Bull / BullMQ (Redis-backed Queue)
For production systems with multiple workers:
import { Queue, Worker } from "bullmq";
import { Redis } from "ioredis";
const connection = new Redis({ host: "localhost", port: 6379 });
const priceQueue = new Queue("price-scraping", { connection });
// Add repeating task
await priceQueue.add(
"scrape-binance",
{ symbols: ["BTCUSDT", "ETHUSDT"] },
{
repeat: { pattern: "*/5 * * * *", tz: "UTC" },
attempts: 3,
backoff: { type: "exponential", delay: 5000 },
}
);
// Worker — can be on different server
const worker = new Worker("price-scraping", async (job) => {
await scrapePrices(job.data.symbols);
}, { connection, concurrency: 2 });
worker.on("failed", (job, err) => {
logger.error(`Job ${job?.id} failed`, { err, attempts: job?.attemptsMade });
});
Advantages: retry with backoff, multiple workers for parallel processing, built-in dashboard (Bull Board), persistent queue in Redis — tasks not lost on restart.
Kubernetes CronJob
For cloud-native infrastructure:
apiVersion: batch/v1
kind: CronJob
metadata:
name: price-scraper
spec:
schedule: "*/5 * * * *"
timeZone: "UTC"
concurrencyPolicy: Forbid # Don't run if previous still working
successfulJobsHistoryLimit: 5
failedJobsHistoryLimit: 3
jobTemplate:
spec:
template:
spec:
restartPolicy: OnFailure
containers:
- name: scraper
image: your-registry/scraper:latest
env:
- name: SCRAPE_TYPE
value: "prices"
resources:
limits:
memory: "512Mi"
cpu: "500m"
concurrencyPolicy: Forbid — equivalent of flock, but at Kubernetes level. Allow — run in parallel. Replace — kill old and run new.
Monitoring and Alerting
Silently crashing cron is worse than no cron at all. Need to know about every failure.
Healthcheck ping (Deadman's switch pattern): each successfully executed task pings monitoring service. If ping doesn't come in expected time — alert.

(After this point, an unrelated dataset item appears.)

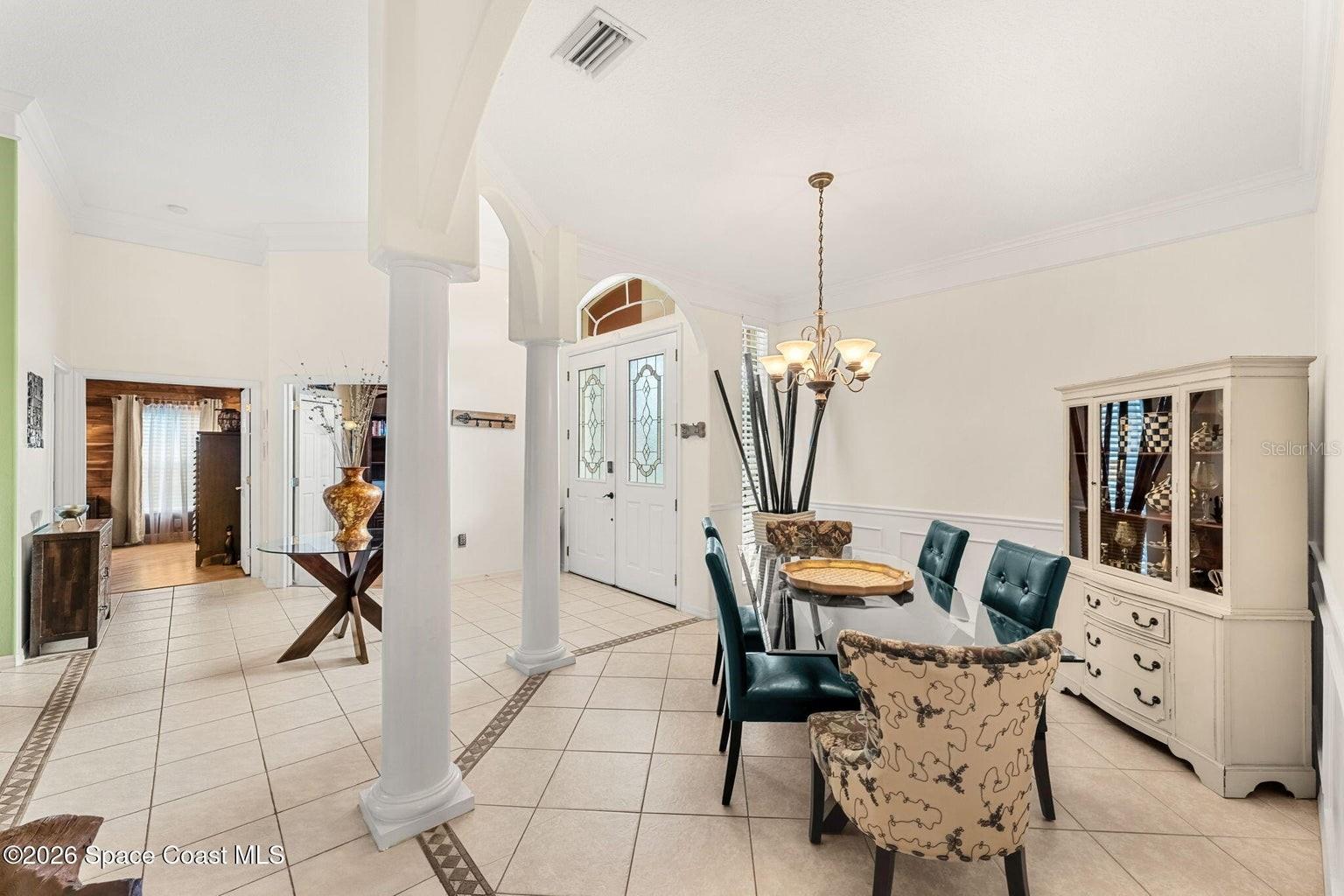 Image 14 of 93 For 324 Tunbridge Drive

Services: Cronitor, Healthchecks.io (open source, can self-host), Better Uptime.
import httpx
async def scrape_prices():
try:
# ... main logic ...
await httpx.get(f"https://hc-ping.com/{HEALTHCHECK_UUID}") # success ping
except Exception as e:
await httpx.get(f"https://hc-ping.com/{HEALTHCHECK_UUID}/fail")
raise
Prometheus metrics for more detailed monitoring:
-
scraper_last_success_timestamp— when last successfully executed -
scraper_duration_seconds— execution time (alert if spiked) -
scraper_items_collected— number of collected records (alert if 0)

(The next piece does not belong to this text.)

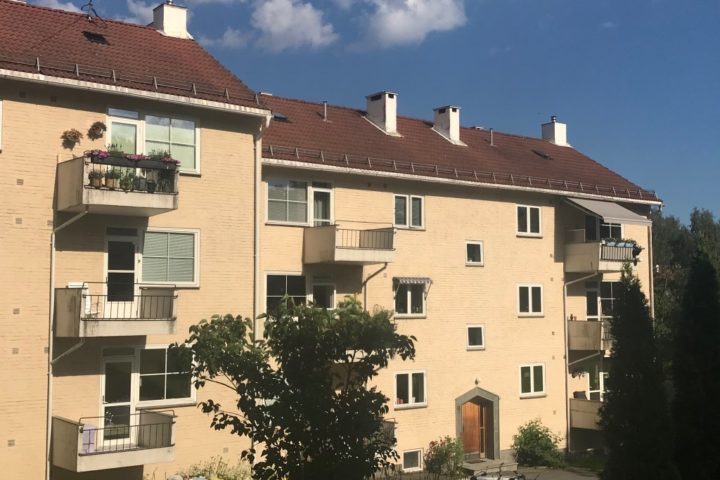 Rehabilitering av balkongene i treromsleilighetene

Grafana dashboard with these metrics lets you see state of all tasks in seconds and historical trends.
Handling Dependencies Between Tasks
If task B should run after task A — simple time offsets in cron not sufficient (A can complete in different times). Right solution:
Event-driven: task A on completion publishes event to Kafka/Redis Streams, task B subscribed to this event.
DAG orchestration: Apache Airflow or Prefect for complex dependencies. Tasks — nodes in DAG, dependencies — edges. Airflow manages execution order, retry, logs.
# Prefect flow with dependencies
from prefect import flow, task
@task(retries=3, retry_delay_seconds=60)
def collect_raw_data(): ...
@task
def transform_data(raw): ...
@task
def load_to_db(transformed): ...
@flow(name="daily-etl")
def daily_pipeline():
raw = collect_raw_data()
transformed = transform_data(raw)
load_to_db(transformed)
For simple linear pipelines Prefect or Dagster — good balance of capabilities and complexity. Airflow more powerful, but requires more infrastructure.